The output is a word-for-word repeat of the listing below, free of images.

━━━━━ Collected material ━━━━━

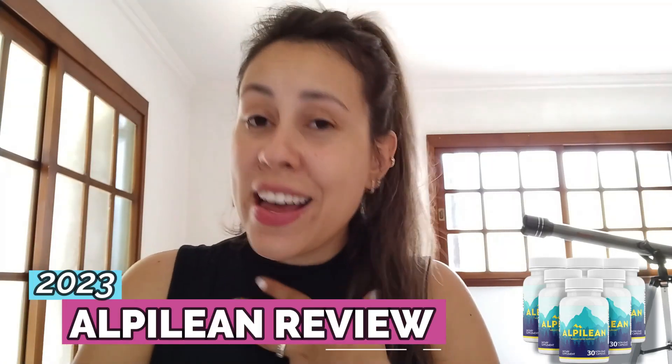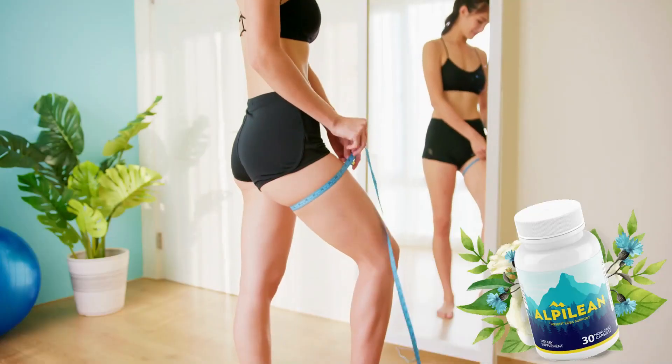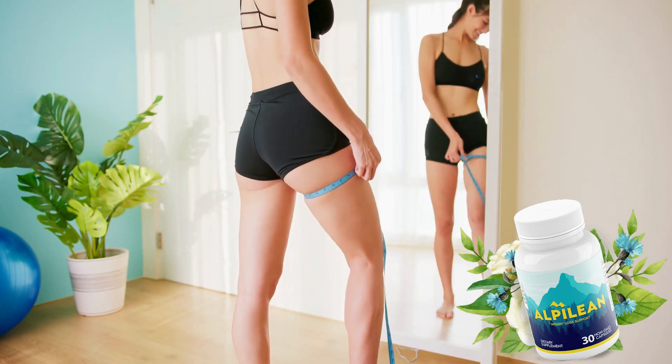Hey everyone, how's it going? I'm Aline and today I'm here to talk to you about a weight loss supplement called the Alpine Lean, or as some of you may know it, the Alpine Ice Hack. Today I have many infos and many alerts regarding the supplement, so if you want to lose weight in a healthy manner without throwing your money away and not having any regrets whatsoever, watch this video until the very end.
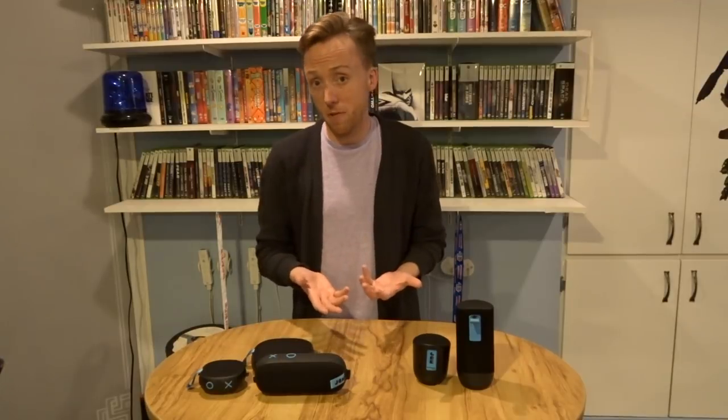A few things I want to talk about with the entire line. First, all these speakers have either Bluetooth 4.1 or 4.2 technology, which means that they're really efficient on battery. The smaller speakers give you eight hours of battery, the mid-level speakers give you 12 hours, and the high-end speakers give you 20 hours of battery life.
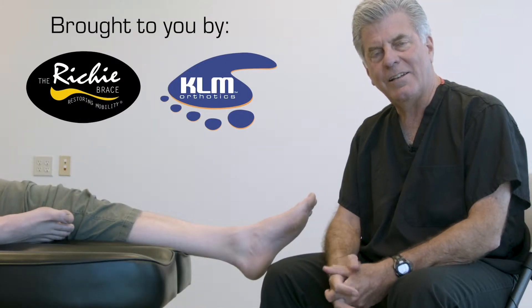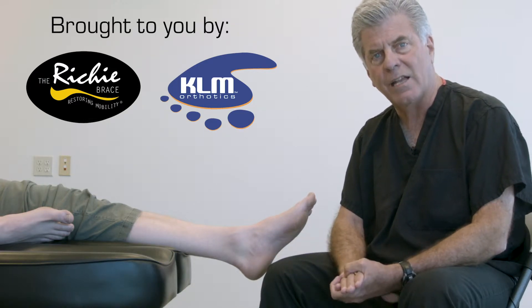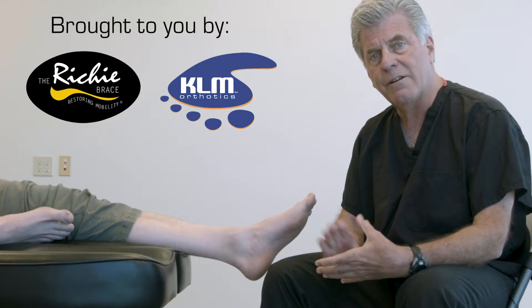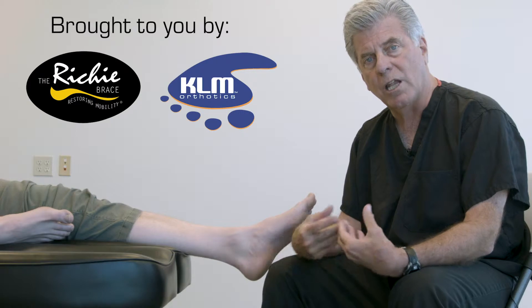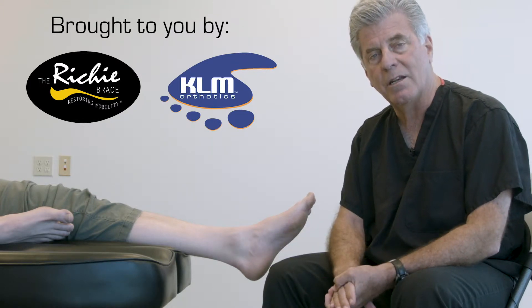Hi, I'm Dr. Doug Ritchie, and today I'd like to demonstrate for you the importance of positioning the foot for taking a cast or a scan for custom foot orthoses or for a custom Ritchie brace. I'm going to demonstrate how to find subtalar neutral and also the importance of loading or locking the mid-tarsal joint for stability of the foot. Ultimately, this translates to stability of the foot orthoses and stability of the brace so that we get an optimal patient treatment outcome.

━━━━━

◆ Exercise response ◆
Hey everyone, how's it going? I'm Aline and today I'm here to talk to you about a weight loss supplement called the Alpine Lean, or as some of you may know it, the Alpine Ice Hack. Today I have many infos and many alerts regarding the supplement, so if you want to lose weight in a healthy manner without throwing your money away and not having any regrets whatsoever, watch this video until the very end.
A few things I want to talk about with the entire line. First, all these speakers have either Bluetooth 4.1 or 4.2 technology, which means that they're really efficient on battery. The smaller speakers give you eight hours of battery, the mid-level speakers give you 12 hours, and the high-end speakers give you 20 hours of battery life.
Hi, I'm Dr. Doug Ritchie, and today I'd like to demonstrate for you the importance of positioning the foot for taking a cast or a scan for custom foot orthoses or for a custom Ritchie brace. I'm going to demonstrate how to find subtalar neutral and also the importance of loading or locking the mid-tarsal joint for stability of the foot. Ultimately, this translates to stability of the foot orthoses and stability of the brace so that we get an optimal patient treatment outcome.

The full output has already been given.